Stored entries
= = = = =

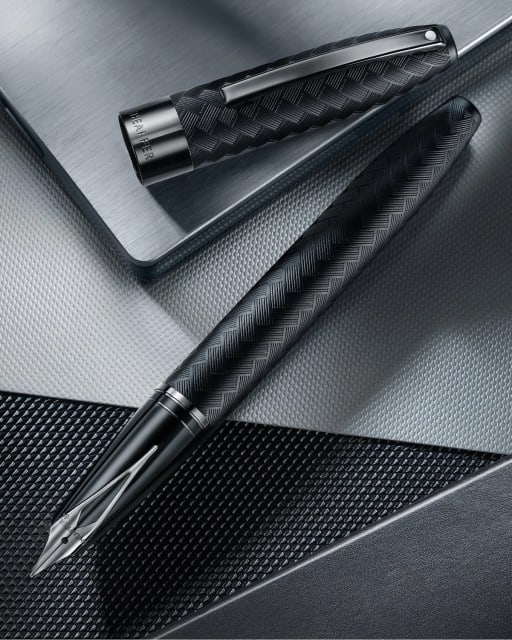 Sheaffer Legacy Matt Black Chevron/Gunmetal Fountain Pen Medium Nib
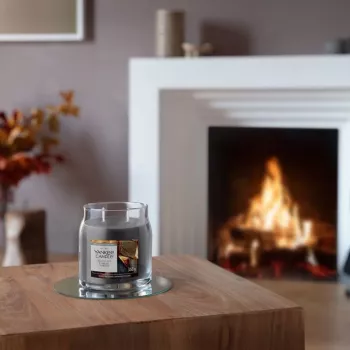 Yankee Candle Crackling Embers Kerze, mittel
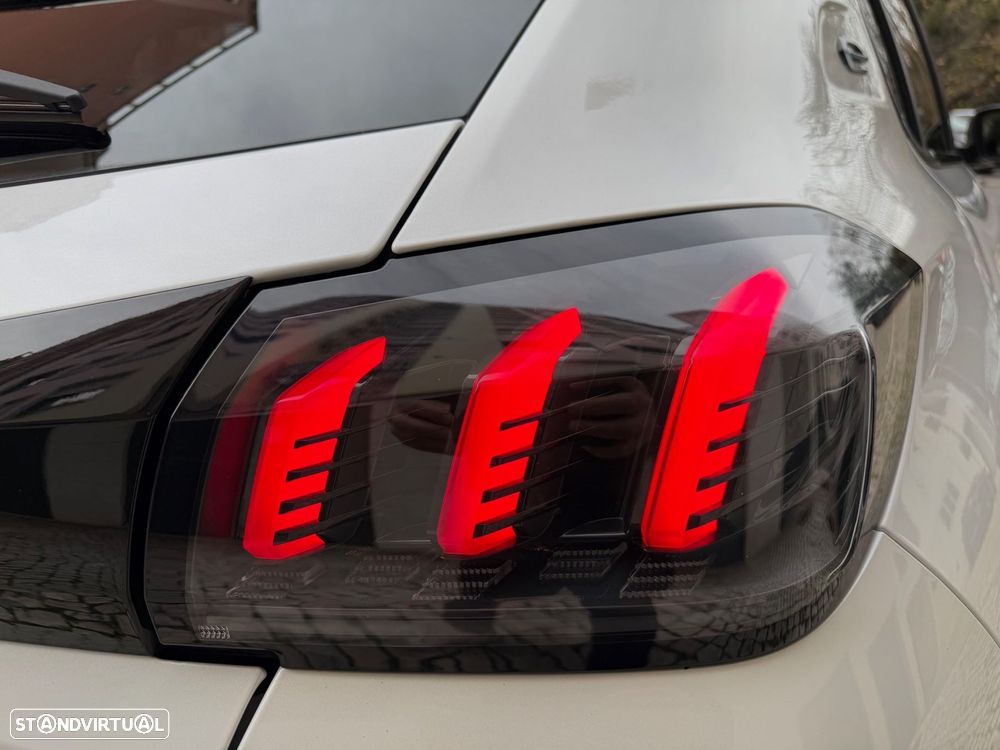 Peugeot e-208 50 kWh GT Pack - 18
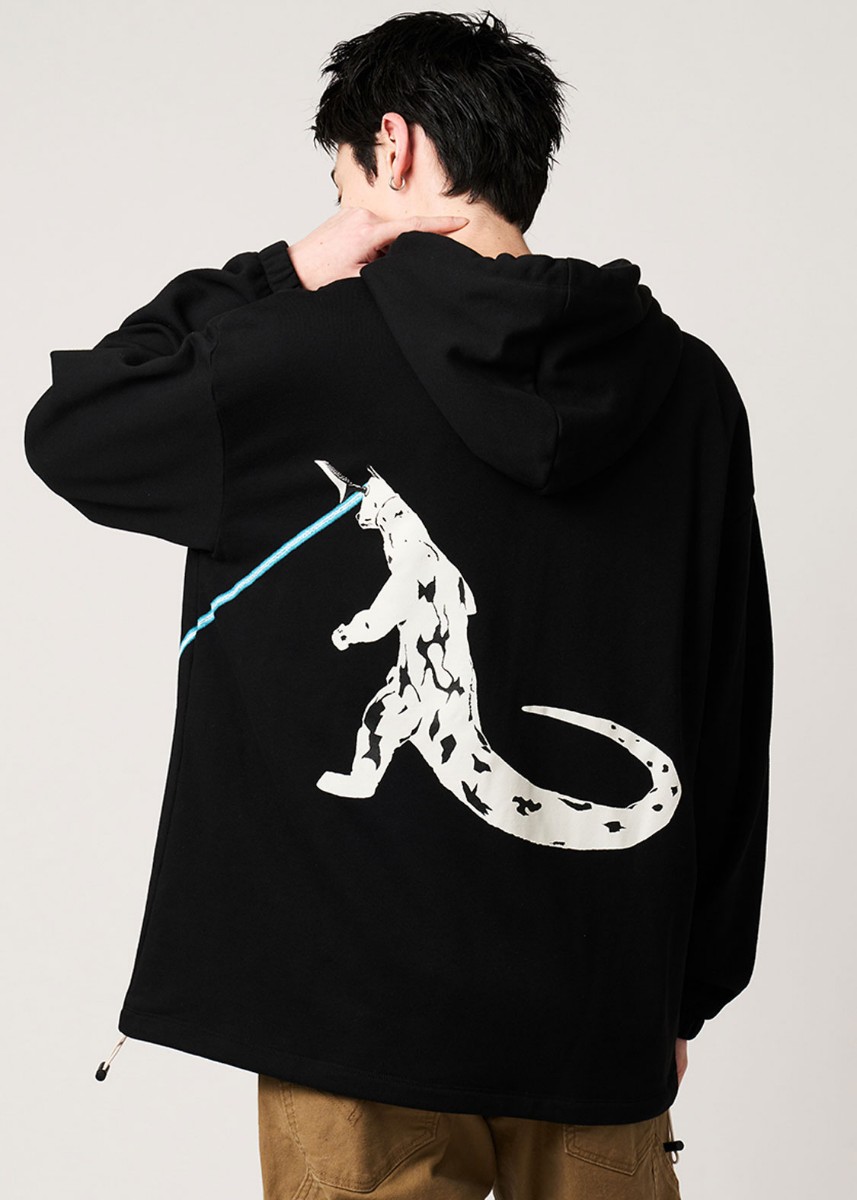 「ウルトラマン」シリーズと「グラニフ」がコラボしたパーカー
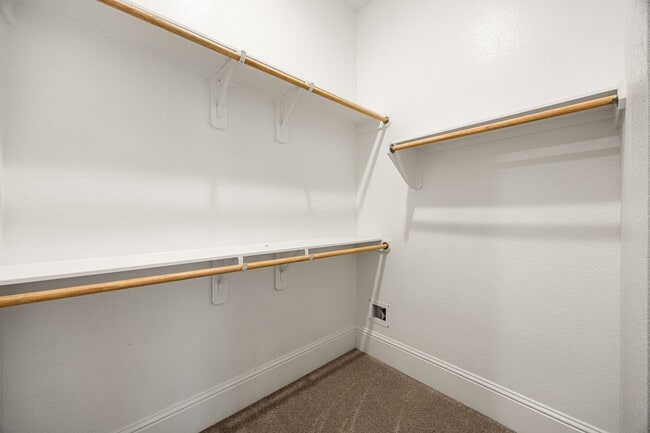 Building Photo - 734 Platinum Stone Ln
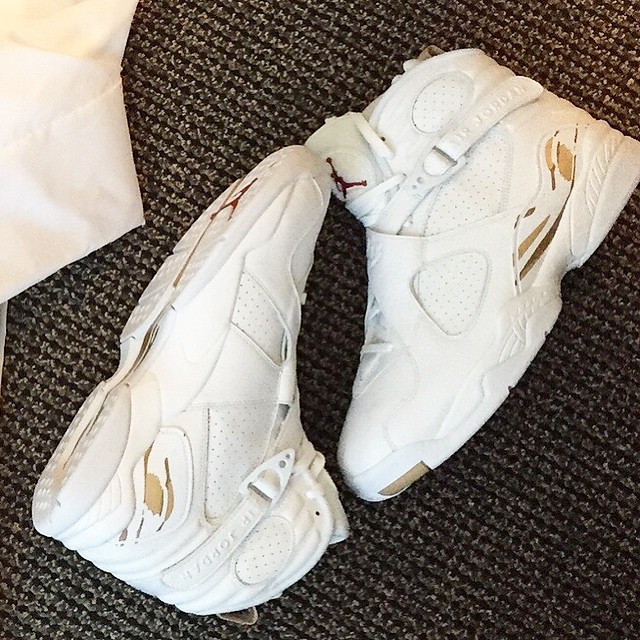 drake-air-jordan-8-ovo-white.jpg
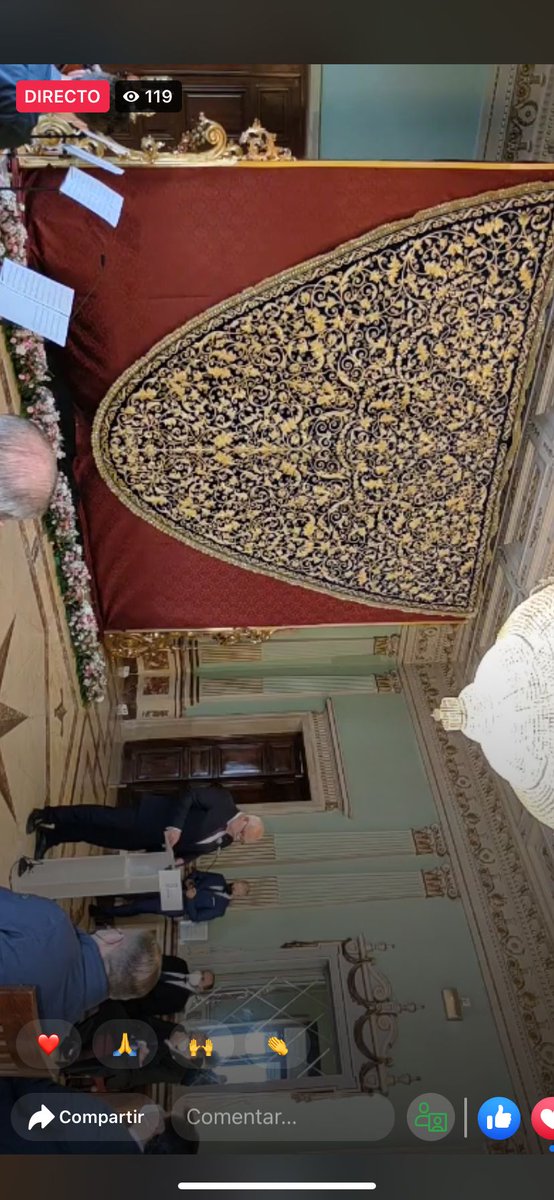 85 años de espera...
Un día grande para Nuestras Hermandad...
Un día grande para Huelva...
María Stma de la Amargura ya tiene su manto bordado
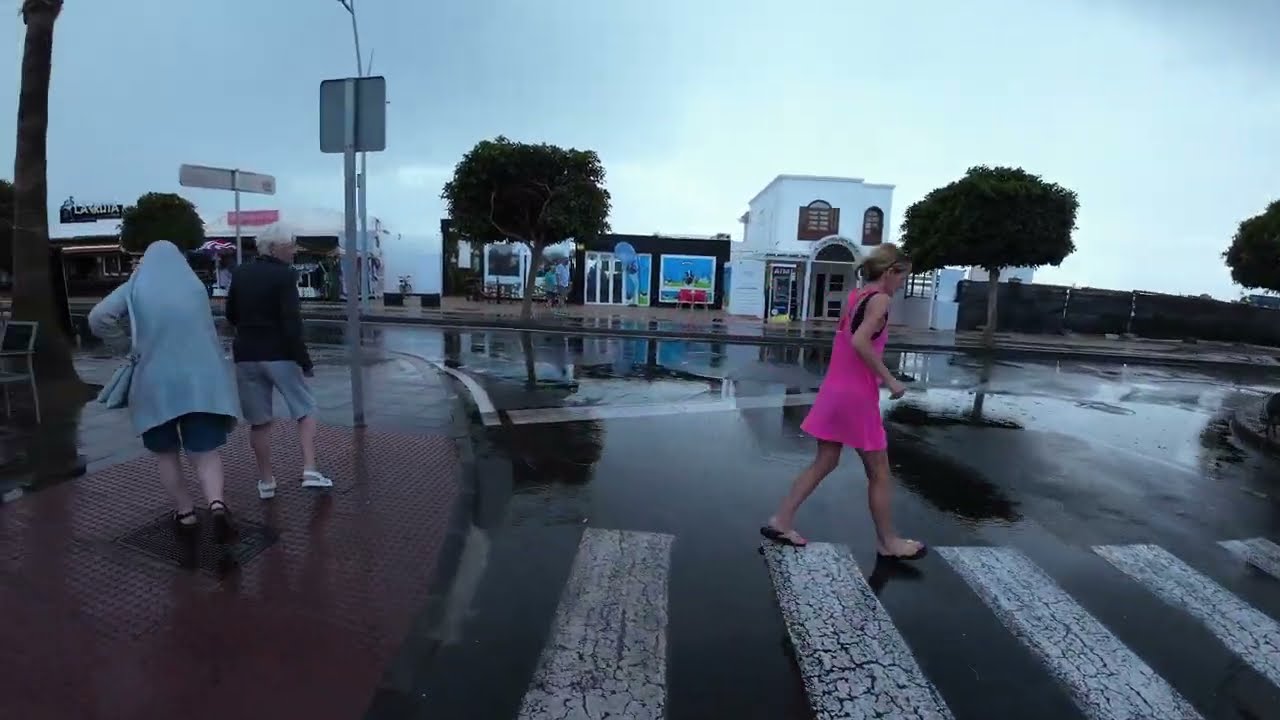 🌧 RAINY AFTERNOON WALK PUERTODELCARMENLANZAROTE  🌧🌧🌧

= = = = =

:: The problem ::
Restate, word for word, each line from the line containing "Yankee Candle Crackling Embers Kerze, mittel" through the end of the entries above; the pictures are not part of the copy.

:: Solution ::
 Yankee Candle Crackling Embers Kerze, mittel
 Peugeot e-208 50 kWh GT Pack - 18
 「ウルトラマン」シリーズと「グラニフ」がコラボしたパーカー
 Building Photo - 734 Platinum Stone Ln
 drake-air-jordan-8-ovo-white.jpg
 85 años de espera...
Un día grande para Nuestras Hermandad...
Un día grande para Huelva...
María Stma de la Amargura ya tiene su manto bordado
 🌧 RAINY AFTERNOON WALK PUERTODELCARMENLANZAROTE  🌧🌧🌧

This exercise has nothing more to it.